Make an exact transcript of the lines in the data below, starting with the one containing "We'll see how" and going on through the one containing "Hey guys, we", with both included and the pictures left out.

***** MATERIAL TO PROCESS *****

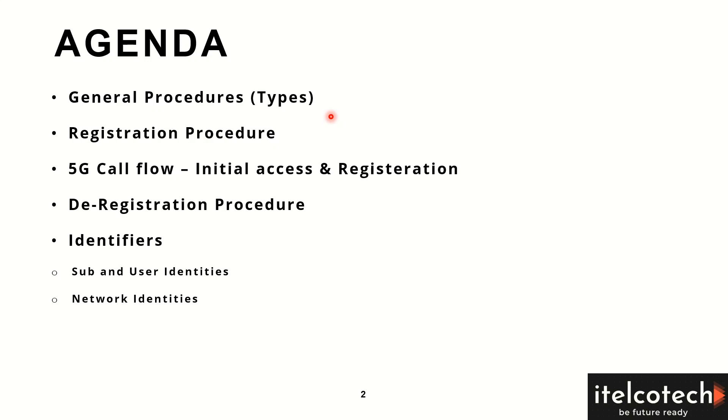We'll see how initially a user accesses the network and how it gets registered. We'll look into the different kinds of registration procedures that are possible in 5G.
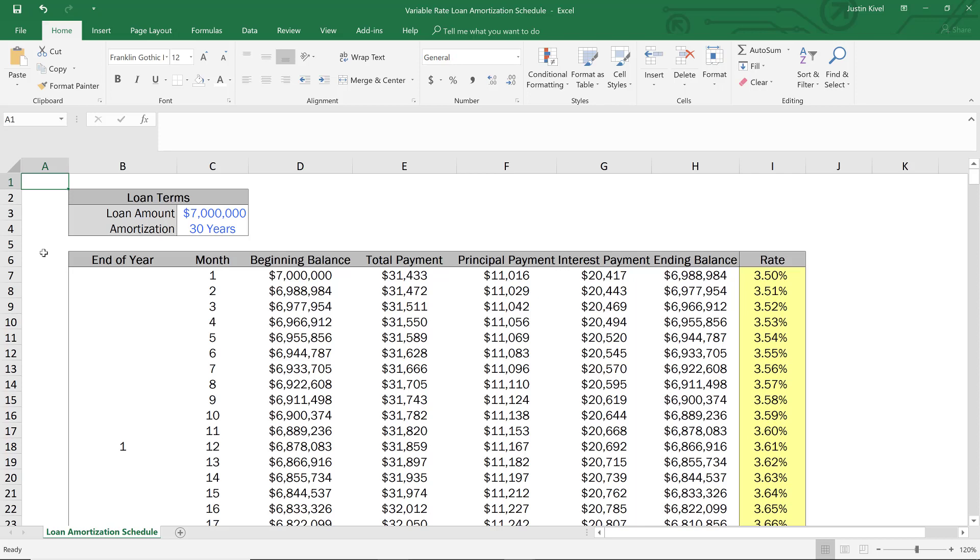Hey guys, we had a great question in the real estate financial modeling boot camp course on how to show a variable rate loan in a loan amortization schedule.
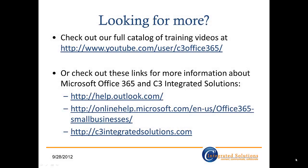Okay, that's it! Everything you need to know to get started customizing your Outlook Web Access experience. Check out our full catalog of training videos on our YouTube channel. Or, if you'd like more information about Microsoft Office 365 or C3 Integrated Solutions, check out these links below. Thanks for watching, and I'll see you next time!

*****
***** MATERIAL TO PROCESS *****

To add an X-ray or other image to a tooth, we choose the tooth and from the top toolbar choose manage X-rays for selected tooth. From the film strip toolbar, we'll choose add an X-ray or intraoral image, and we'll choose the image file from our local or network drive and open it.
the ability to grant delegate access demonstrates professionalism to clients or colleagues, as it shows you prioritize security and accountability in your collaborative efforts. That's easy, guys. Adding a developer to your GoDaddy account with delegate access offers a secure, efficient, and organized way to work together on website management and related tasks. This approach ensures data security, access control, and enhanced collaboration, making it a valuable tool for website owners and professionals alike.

*****
***** MATERIAL TO PROCESS *****

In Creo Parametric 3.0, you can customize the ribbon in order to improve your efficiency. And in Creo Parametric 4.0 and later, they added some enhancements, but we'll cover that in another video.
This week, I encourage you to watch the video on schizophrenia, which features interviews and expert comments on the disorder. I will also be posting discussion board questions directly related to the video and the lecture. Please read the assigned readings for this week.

*****

● ANSWER TO THE PROBLEM:
We'll see how initially a user accesses the network and how it gets registered. We'll look into the different kinds of registration procedures that are possible in 5G.
Hey guys, we had a great question in the real estate financial modeling boot camp course on how to show a variable rate loan in a loan amortization schedule.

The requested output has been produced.